• Espolón Blanco Tequila
$25 for 750 milliliter bottle; www.tequilaespolon.com
Lime prices are almost back to earth after quadrupling following a shortage in Mexico. That means it’s time to whip up some margaritas. But you don’t need to splurge on a top-shelf tequila to get the job done. For $25 a bottle, you can get a 100 percent blue agave tequila that won “best in show silver tequila” at the 2011 San Francisco World Spirits Competition. This blanco tequila is a perfect workhorse for any home bar. Just add two parts tequila to one part fresh-squeezed lime juice and one part agave nectar into a cocktail shaker. Throw in ice, shake and pour into a glass. And then you can say “adios” to that bottled margarita stuff for good.

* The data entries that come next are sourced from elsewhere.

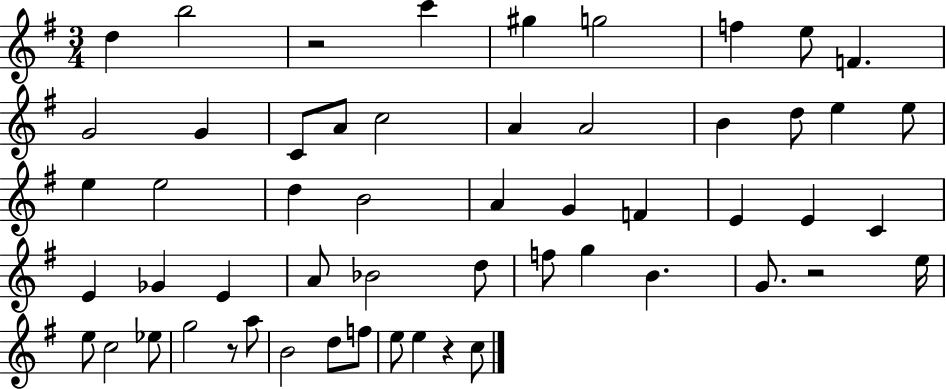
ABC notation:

X:1
T:Untitled
M:3/4
L:1/4
K:G
d b2 z2 c' ^g g2 f e/2 F G2 G C/2 A/2 c2 A A2 B d/2 e e/2 e e2 d B2 A G F E E C E _G E A/2 _B2 d/2 f/2 g B G/2 z2 e/4 e/2 c2 _e/2 g2 z/2 a/2 B2 d/2 f/2 e/2 e z c/2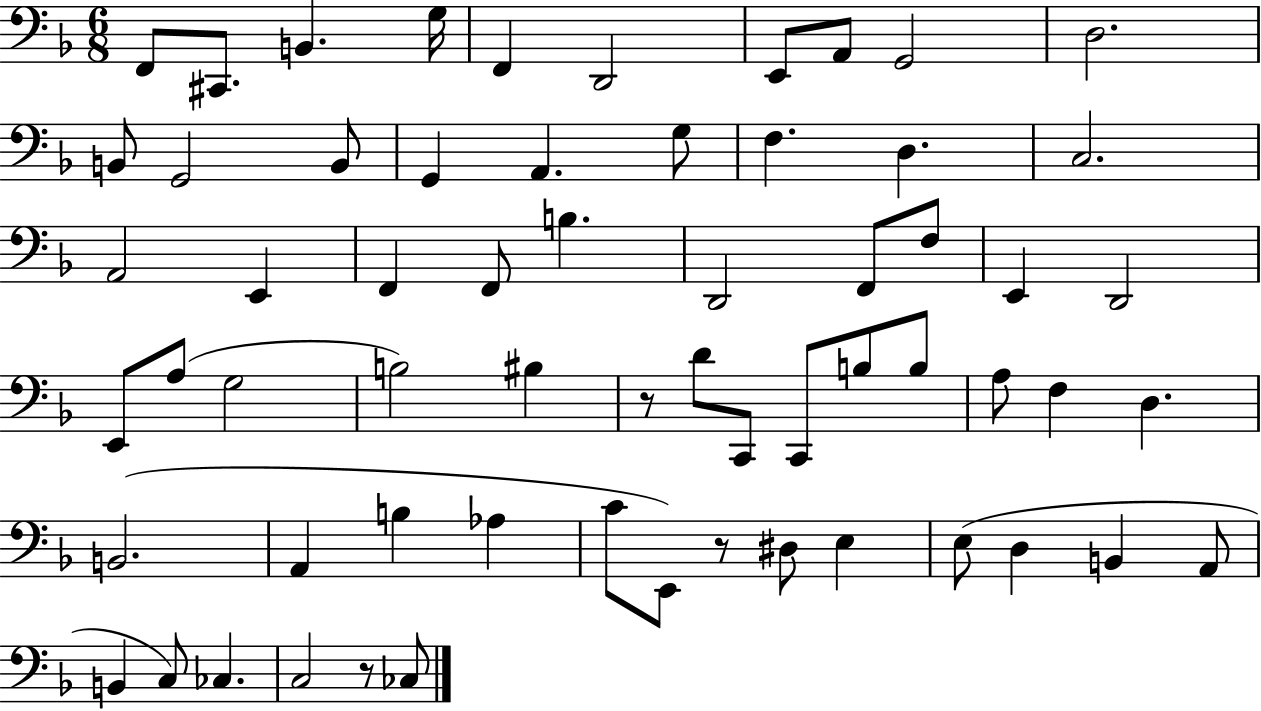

• Italian Volcano 100 percent Organic Lime Juice
$3.99 for 16.9 fluid ounces; Nugget and other local retailers; www.dreamfoods.com
Speaking of homemade margaritas … if local lime prices still seem exorbitant, this organic alternative makes fiscal sense without compromising taste. Pressed from hand-picked Sicilian limes harvested in orchards near Mount Etna, it’s got all the cheek-puckering punch of just-squeezed, with the convenience of a twist-top pour.
• Gather Oak Park
Free; 5-9 p.m. the second Thursday of the month, June through October; www.gathernights.com
Centered on the idea that a community that eats together works together, this new dine-on-the-street series jumps off Thursday, closing down a block at Broadway and Third Avenue in Oak Park. It’s a pay-as-you-partake event, featuring local culinary favorites including Squeeze Inn, Maui Wowi Hawaiian and others along with a craft-beer garden headed by Beers in Sac. Sol Collective is on the art installations, DJ Billy Lane will spin and local instrumentalist funk band Ideateam will play. There’s also a “modular kids park.”
• El Diablo Mango Mustard
$7.99 for 9 ounces; local retailers; www.mizkan.com
Show your taste buds no mercy by adding one of the new spicy mustards from El Diablo to your sandwich. Our favorite is the mango version (there are six in all) that gives a slightly sweet kick at the start by blending in pureed fruit before bringing a slow and pleasing heat. But the smoky chipotle is a close second, and though it’s labeled “medium,” it’s still a good idea to have a cold beverage close at hand.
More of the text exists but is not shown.